According to the Energy Information Administration's petroleum status report for the week ending on Aug. 10, inventories of gasoline in the region decreased by 200,000 bbl. They now sit at 30.1 million bbl, which is 4 million bbl higher than total levels at this time last year. Higher supplies will help offset potential price spikes in the region if demand increases in the run-up to Labor Day.
Additionally, the impact of Hurricane Lane on Hawaii’s gasoline refining and delivery systems has been minimal. Par Pacific, Hawaii’s largest refinery, closed as a safety precaution over the weekend, but it has since restarted.
Moving to the Great Lakes and Central U.S., five states in the region land on this week's top 10 list of states with the largest changes: Ohio (up 10 cents), Michigan (up 5 cents), South Dakota (down 3 cents), Kansas (down 3 cents) and Missouri (down 3 cents). Among the Great Lakes and Central states, gas price averages are as expensive as $2.94 in Michigan and as cheap as $2.57 in Missouri.

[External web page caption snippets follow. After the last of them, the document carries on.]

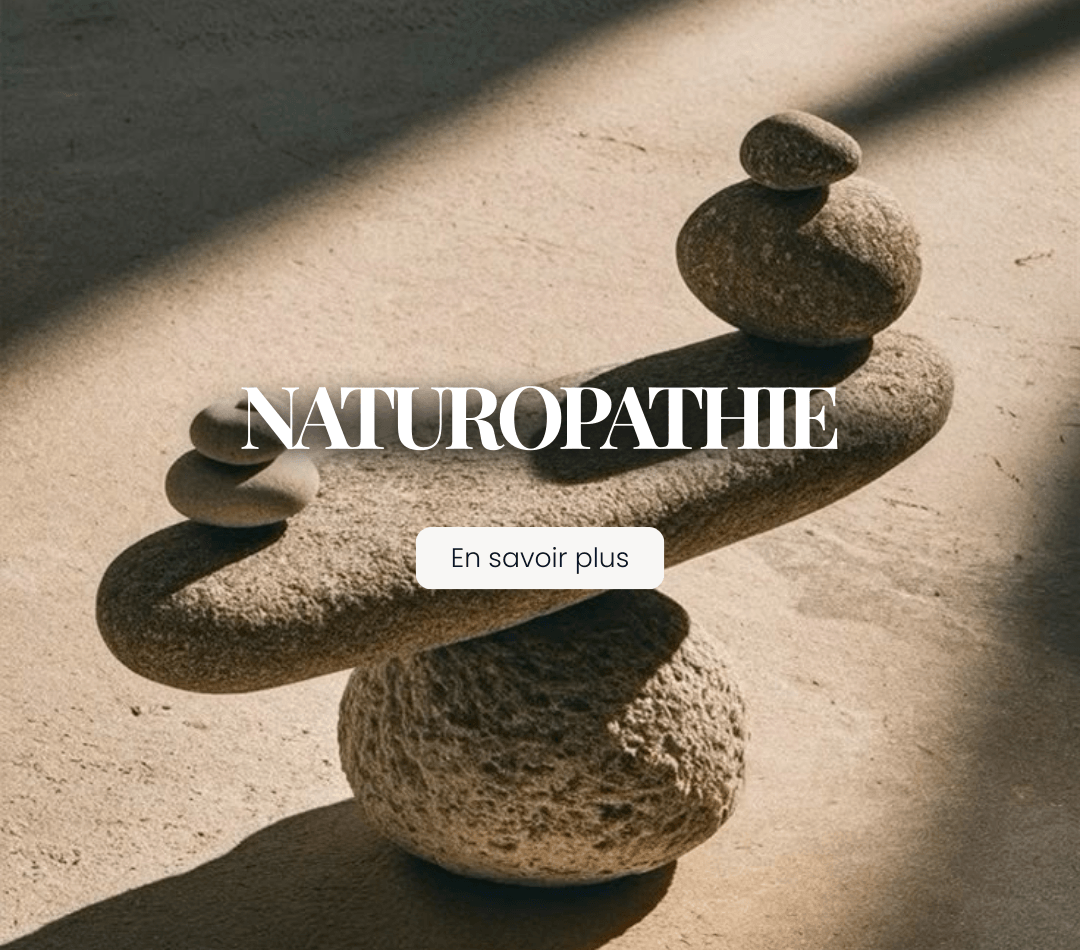 Naturopathie : Des pierres en équilibre (galets) dans des tons naturels et sablés.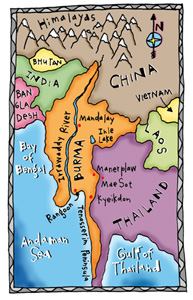 Cartoon map of Burma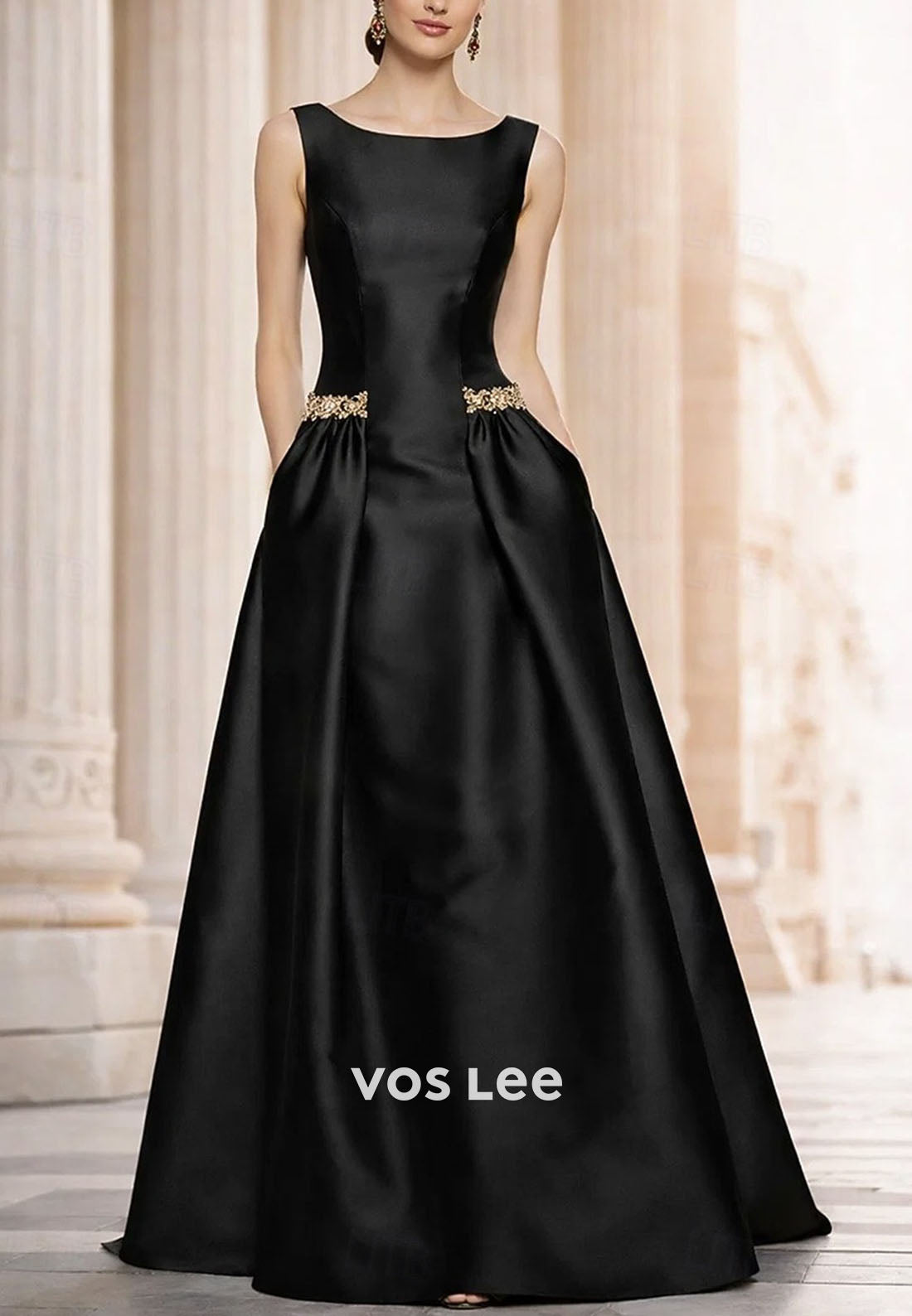 Sleeveless Boat Neck Formal Dress for Mother of the Bride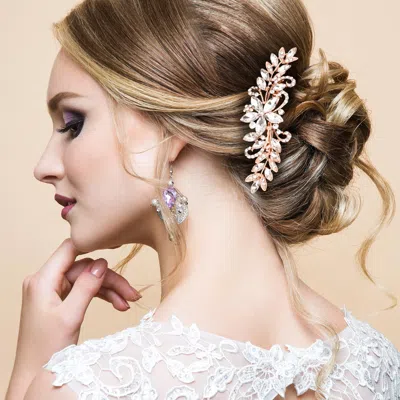 Fashnzfab Flower Centered Leaf Cluster Hair Comb In Multi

Michigan (9 cents), South Dakota (7 cents) and Kentucky (7 cents) lead the Great Lakes and Central states with the largest decrease in month-over-month prices and rank among the top five states in the country. Ohio (up 3 cents) is the only state in the region to be paying more compared to the end of July.
With the exception of Oklahoma (up 2 cents) and Texas (up 1 cent), all South and Southwest states’ gas price averages are cheaper on the week. Florida (4 cents) and Georgia (3 cents) saw the biggest drops in the region and both states land on the top 10 list of states with the largest weekly changes.
Gas price averages are relatively flat across the Mid-Atlantic and Northeast states. Prices dropped as much as 2 cents on the week, but only in Tennessee. The majority of states report gas price averages only 1 cent cheaper since last Monday, Aug. 20, except in Vermont ($2.91) and Rhode Island ($2.89), which held steady.
While the national year-over-year difference in gas price averages is nearly 50 cents higher, a handful of Mid-Atlantic and Northeast states are paying more than this average. Drivers in Connecticut (up 56 cents), Massachusetts (up 54 cents), Delaware (up 54 cents), Rhode Island (up 53 cents), Vermont (up 52 cents) and New York (up 51 cents) are seeing the largest yearly differences in the region.
Unlike the majority of the country, gas prices continue to increase for many states in the Rockies. Since the beginning of August, Idaho (14 cents) and Utah (12 cents) have seen large jumps in pump prices. Part of the increase can be attributed to local refinery maintenance combined with high tourism season in the region this time of year, according to AAA.
On the week, all states but Montana ($2.94) are paying more at the pump: Wyoming (4 cents), Colorado (3 cents), Utah (3 cents) and Idaho (2 cents).